O banho frio valeu a pena, passámos os dias em cascatas de cortar a respiração, calcorreámos caminhos incríveis e comemos bem — no Norte come-se bem e uma dose de bacalhau à minhota chega para dois —, mas o mais importante foi encontrar as celebrações da festa do São Bento da Porta Aberta, uma daquelas festas de aldeia onde os emigrantes se empenham em proporcionar a maior e melhor festa, o mais longo e espectacular fogo-de-artifício. E é precisamente neste fogo-de-artifício — um cocktail de cor, efeitos mágicos e explosões aéreas — que investem os sonhos, as desilusões e a overdose de nostalgia. O fogo-de-artifício em Portugal é mais do que um mero espectáculo pirotécnico; é um fenómeno de condensação sentimental sobre os encontros e desencontros da vida.
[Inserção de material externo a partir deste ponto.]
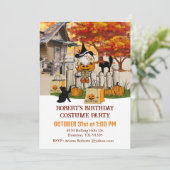 Gnome op hek Herfst Verjaardag Halloween Party Kaart (Staand voorkant)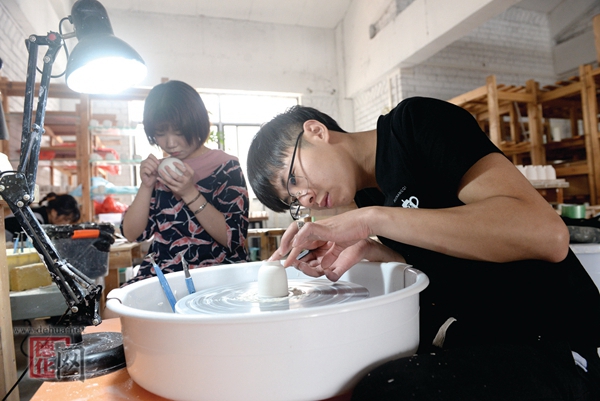 送“大礼包”助推大学生创业 - 憨鼠网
Ficámos até ao fim da festa e, entre as filarmónicas que agora tocam covers, os cantares de desafio e bastantes cervejas conseguimos trocar algumas palavras com quem saíra e ficara no país e que, por estes dias, festejava. Em todos sentimos que a euforia não conseguia mascarar por completo uma certa inevitabilidade no olhar, essa que por vezes se revela em noites que já vão altas e maduras. Entre os que sentiam orgulho por terem permanecido em Portugal "apesar das dificuldades" e os que sentiam orgulho por terem abandonado o país, mas "ganhado a vida", a sensação a reter é que a vida os tinha vencido a todos — semeando as ausências de uns nos outros como um jogo de espelhos sem solução possível.
Percebemos ainda que também nós estávamos entrincheirados nesse lugar charneira, situado entre desejos e impossibilidades. Perante os salários baixos, a precariedade laboral e as casas transformadas em "veículos" de rentabilidade estratosférica, vamos continuando a erguer esse muro ancestral — que, ao contrário do muro do Trump, é invisível —, capaz de projectar sombras no tempo e perpetuar desilusões irremediáveis por várias gerações.
Bem podem anunciar tímidas medidas para atrair os emigrantes e fixar habitantes, o mais provável é que nem eles voltem nem nós possamos ficar. O país, imaginando um futuro distópico, sobreviverá sobretudo enquanto entidade mitológica, recriada ilusoriamente de forma a preencher a própria ausência. Um território colapsado. Esvaziado de habitantes, esquecido e vazio nas suas entranhas, invadido por elites, especuladores e a sua classe servente nas margens. Uma coisa é certa. Se sairmos, não voltaremos com fogo-de-artifício — sinais (que embora comoventes) são indiciadores de que a sociedade portuguesa é ainda incapaz de se emancipar contra a desigualdade e a injustiça que a afecta.